Однако Булгаков никак не думал, что мы гибнем. Хотя и приходится допустить, что наглый посетитель Турбина имел для своих слов куда больше оснований, чем нам бы того хотелось, общее настроение этого романа остается иным. Именно потому, что разложению позволено здесь в разных невидимых глазу тонкостях показать себя, раскрыться, – и, однако же, ничего решающего не совершить, становится ясно, что влиянию его положены границы, которые оно может подвинуть, но не преступить. Мы присутствуем, приближены и видим, как действует эта замечательно интересная сила в целой серии образов и переменчивых лиц, как она, едва проснется подлинное, тотчас же спешит к нему присоединиться, но чуть кто зазевается – быстро его рушит, разъедает, глумится и топчет; как она ползает кругом, ища щель, обезьянствует, прикидываясь другом, и т. п. Но не больше: никогда не может ухватить она у этого подлинного его начал. И значит, всем своим коварством – только чистит, выжигает его слабость. Безжалостное исправление того, что не пожелало само себя исправить. Собственное же положение ее остается незавидным; как говорит эпиграф к книге: «часть той силы, что вечно хочет зла и вечно совершает благо». Все разоренное ею восстанавливается, обожженные побеги всходят вновь, прерванная традиция оживает и т. д.

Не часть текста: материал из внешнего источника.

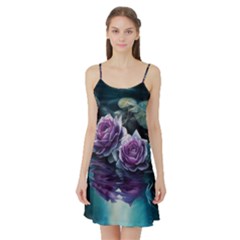 Roses Water Lilies Watercolor Satin Night Slip by Ravend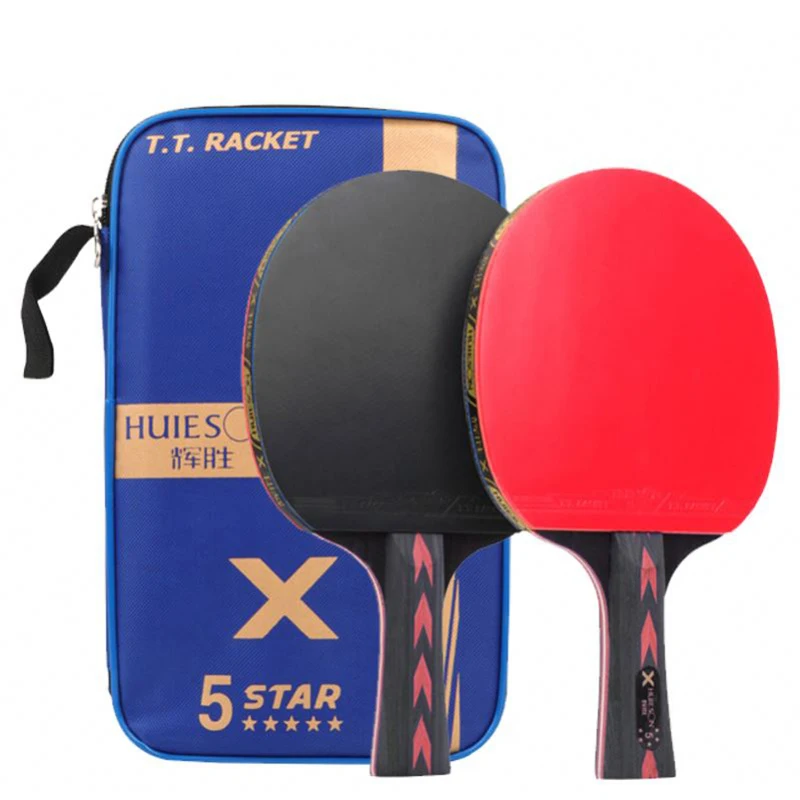 HuiesonX5 Table Tennis Racket Set Training For Adult Beginners Professional Straight Racket And Horizontal Racket.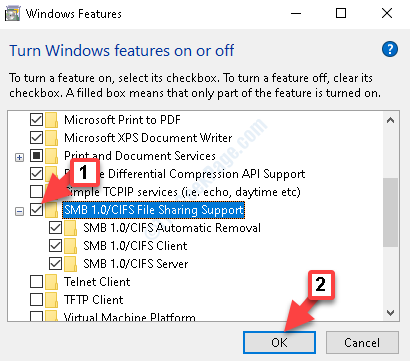 Turn Windows Features On Or Off Smb 1.0 Cifs File Sharing Support Check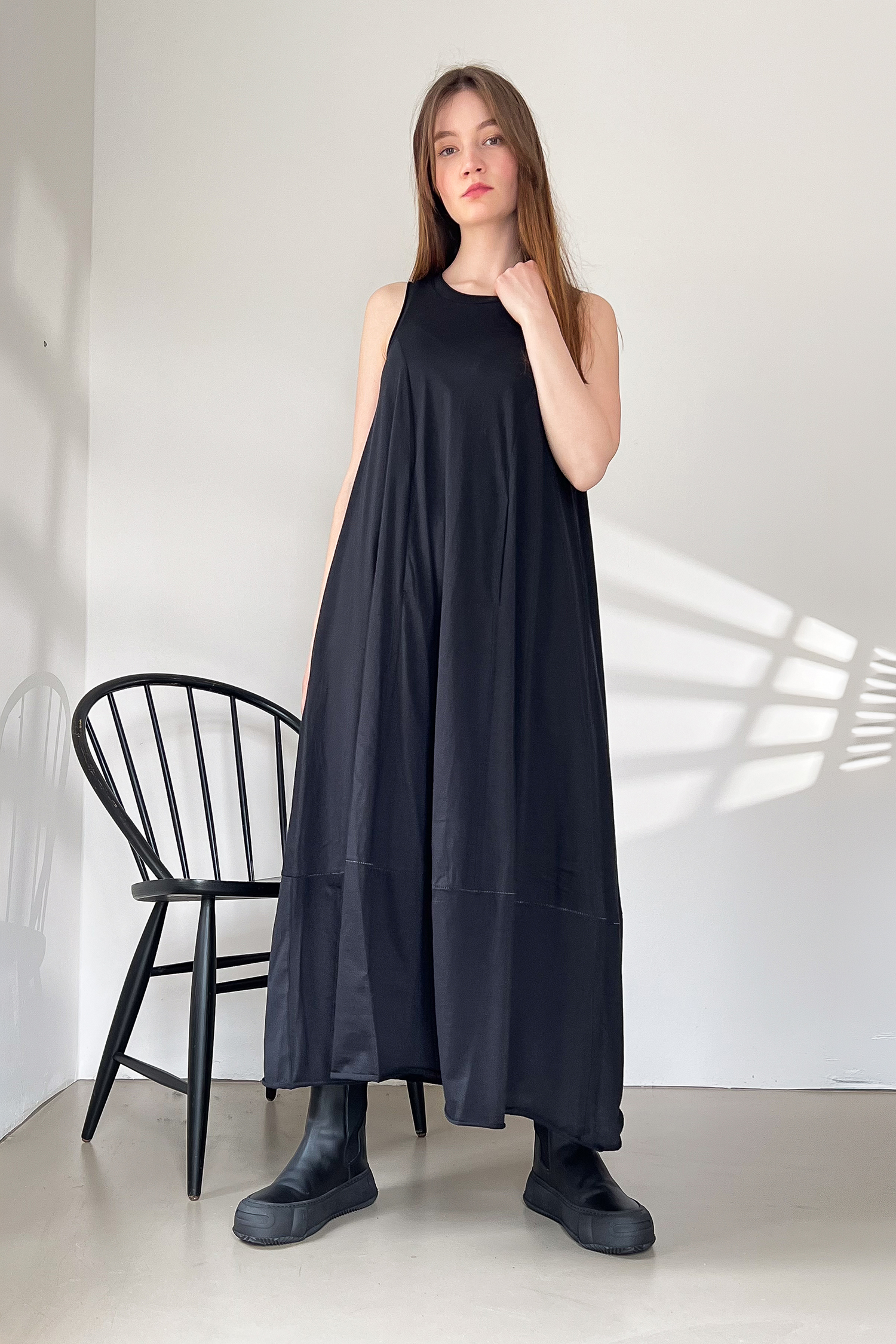 Long jersey dress - Black - Lappa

Конечно, и источник авторского спокойствия оттуда. Он тоже издалека – соединен с началами, которых разложению не достать. Роман наполнен этим настроением, которое не выговаривается прямо, но дает ему весь его внутренний разбег.
Так уже в самом стиле этой книги мы почувствуем продолжение чего-то очень для нас важного – русской интеллигентности. Не в лицах и событиях, а в том, как автор с ними ведет себя: в голосе, составе мысли, обращении.
И не просто продолжение. С нами явно говорит интеллигент исторически иной, не тот, что спешил когда-то отдать кошелек любому встречному бродяге на призыв: «Мадмуазель, позвольте честному россиянину на пропитание… Выдь на Волгу!» – как у Чехова. Отошел этот тип. Прошло и время, когда титаны, умиляясь собственной силе, обнимались в слезах и, хватив шапкой о землю, готовы были все отдать (и отдавали); вразумление, которого требовал – тщетно – Чехов, наступило. В булгаковском стиле, интонации стало возможным осознать, хотя и трудно определить его, это отрезвление.
Вдруг мы услышали снова классический русский смех, интересно изменившийся, что-то сообразивший и мягко, но бесповоротно что-то усвоивший, укрепивший через испытания, как это всегда бывало, свое. Очень любопытно его отношение к насмешливости иного, одно время модного у нас склада, к иронии многрзначительного третирования «мещан». У Булгакова она узнается в стиле сразу, но у кого, где – у Коровьева-Фагота:
" – Приношу вам тысячу извинений, какие удостоверения? – спросил Коровьев, удивляясь.
– Вы – писатели? – в свою очередь спросила гражданка.
– Безусловно, – с достоинством ответил Коровьев
– Ваши удостоверения, – повторила гражданка.
– Прелесть моя… – начал нежно Коровьев.
– Я не прелесть, – перебила его гражданка.
– О, как это жалко, – разочарованно сказал Коровьев» и т. д.
Есть и эта ирония в булгаковском романе. Но что же: в общем складе авторской мысли она явно проигрывает, хотя и думает, что торжествует; самый способ ее – заставить дурака наступить на щетку и радоваться, как у того сыплются искры из глаз, – оборачивается в вопрос: а ну, как этот дурак опомнится, поумнеет? Даже выяснится, что он был и не дурак вовсе, а только в дурацкое положение поставлен? Что тогда?..
Да, собственный смех Булгакова совсем иной школы (об этом точно сказал, рецензируя роман в «Сибирских огнях», О. Михайлов – 1967, № 9). И дело не в том только, что он отмечает уровень смеха-глумления, а в его положительной силе; новом продолжении тех ценностей, которыми держится жизненная связь.
Силу этой идеи Булгаков доказал как будто и своей писательской судьбой.
К однотомнику «Избранной прозы», почти совпавшему с выходом романа, приложен его портрет. Впечатление то же. Такое лицо могло быть у инженера и летчика, вроде того, что было нарисовано на довоенной синей пятирублевке, – человек, который не потеряется в любом из дел. Он и писал: «Я прошу о назначении меня лаборантом-режиссером в 1 Художественный театр… Если меня не назначат режиссером, я прошусь на штатную должность статиста. Если и статистом нельзя – то прощусь на должность рабочего сцены». Можно не сомневаться, что на каждом из этих мест он был бы со своей фантазией и верностью тому, за что взялся, потому что, как он говорил: «Я очень много думал… может ли русский писатель жить вне родины, и мне кажется, что не может».